THE DATA section start

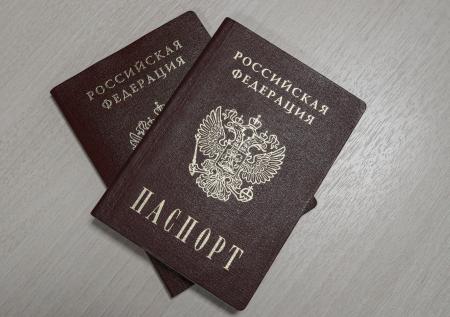 «Отобрать паспорта»: как губернаторы пытаются сдержать утечку молодёжи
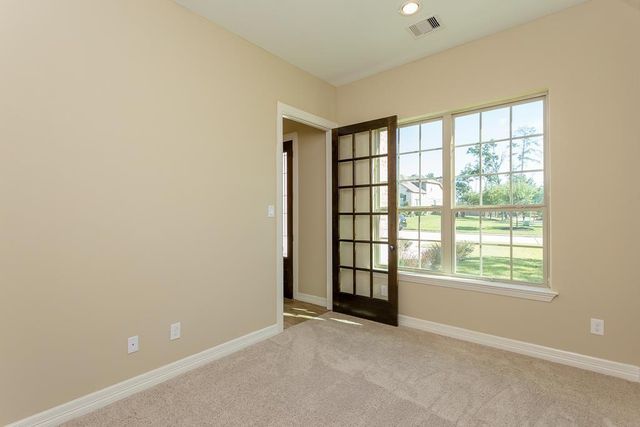 8403 Oak Knot Ct, Spring, TX 77389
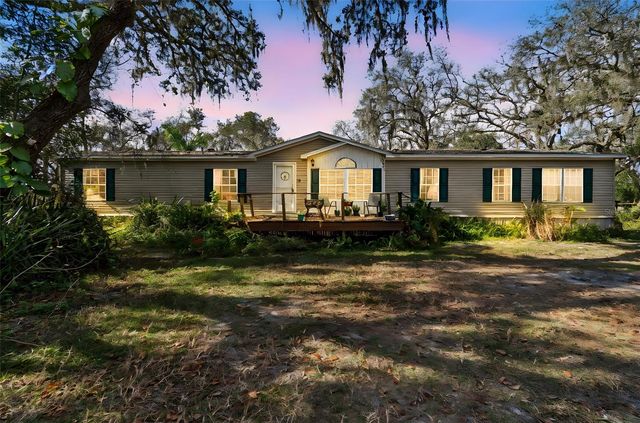 3207 MAZIE DRIVE, Zephyrhills, FL 33541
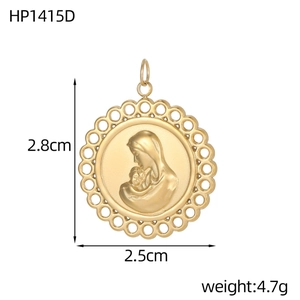 Détail du pendentif Vierge Marie doré montrant les dimensions 2,8cm par 2,5cm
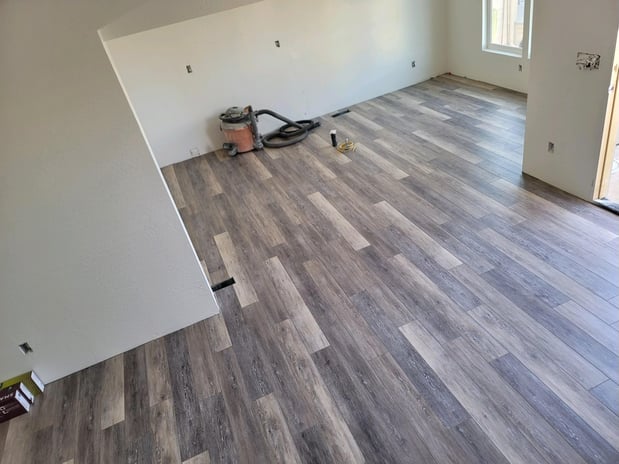 Images Grizzly's Discount Flooring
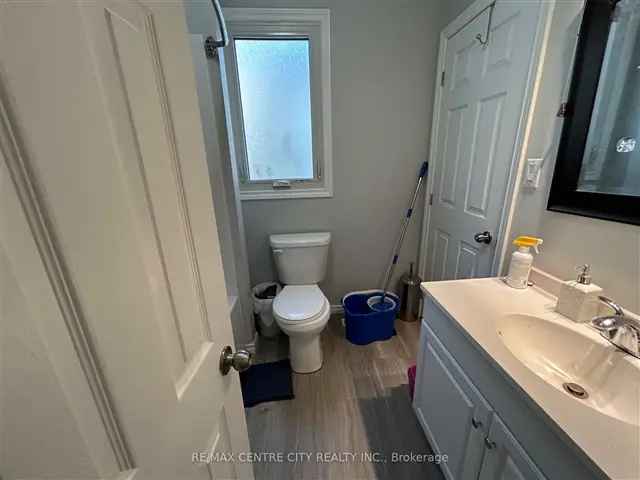 Duplex For Sale in St. Thomas, Ontario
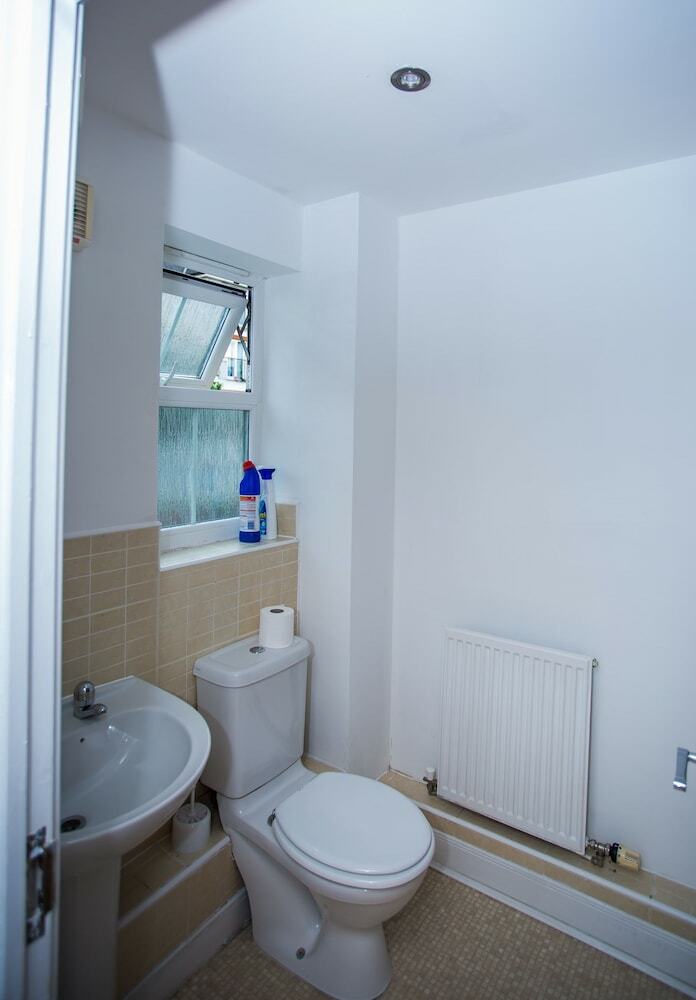Superior 2 Bedroom Apartments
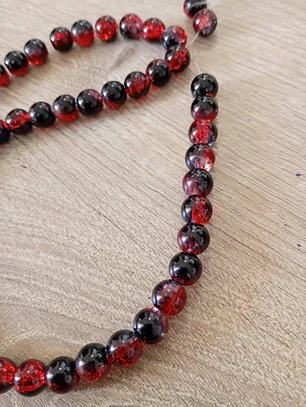 Contas redondas vermelho com preto 4mm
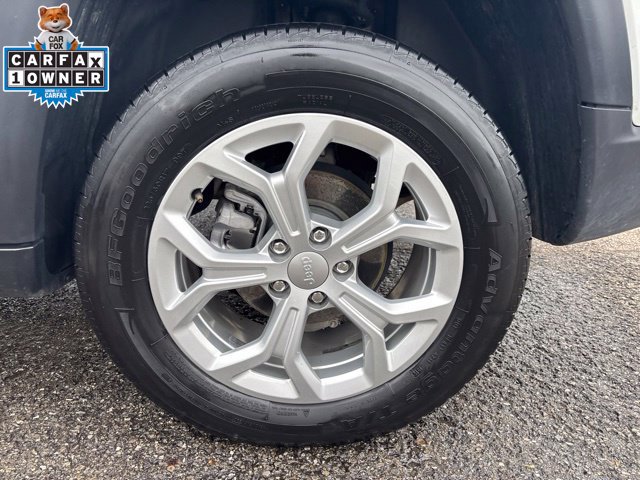 Used 2024 Jeep Compass Latitude AWD/4WD image 11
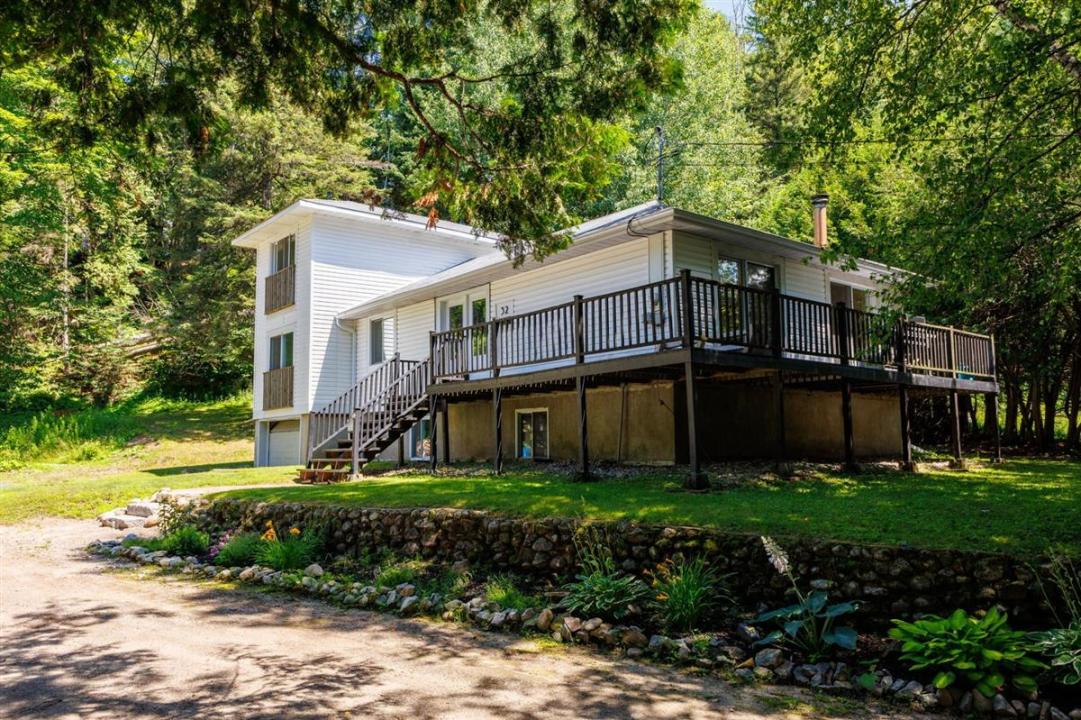 32  Ch. Cleary, Val-des-Monts, Quebec J8N 4A1, Canadá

THE DATA section end

• WORK ORDER
Starting from the line containing "Duplex For Sale in St. Thomas, Ontario", repeat each line exactly through the end of the entries, including the last, while leaving pictures out.

• EXERCISE OUTPUT
 Duplex For Sale in St. Thomas, Ontario
Superior 2 Bedroom Apartments
 Contas redondas vermelho com preto 4mm
 Used 2024 Jeep Compass Latitude AWD/4WD image 11
 32  Ch. Cleary, Val-des-Monts, Quebec J8N 4A1, Canadá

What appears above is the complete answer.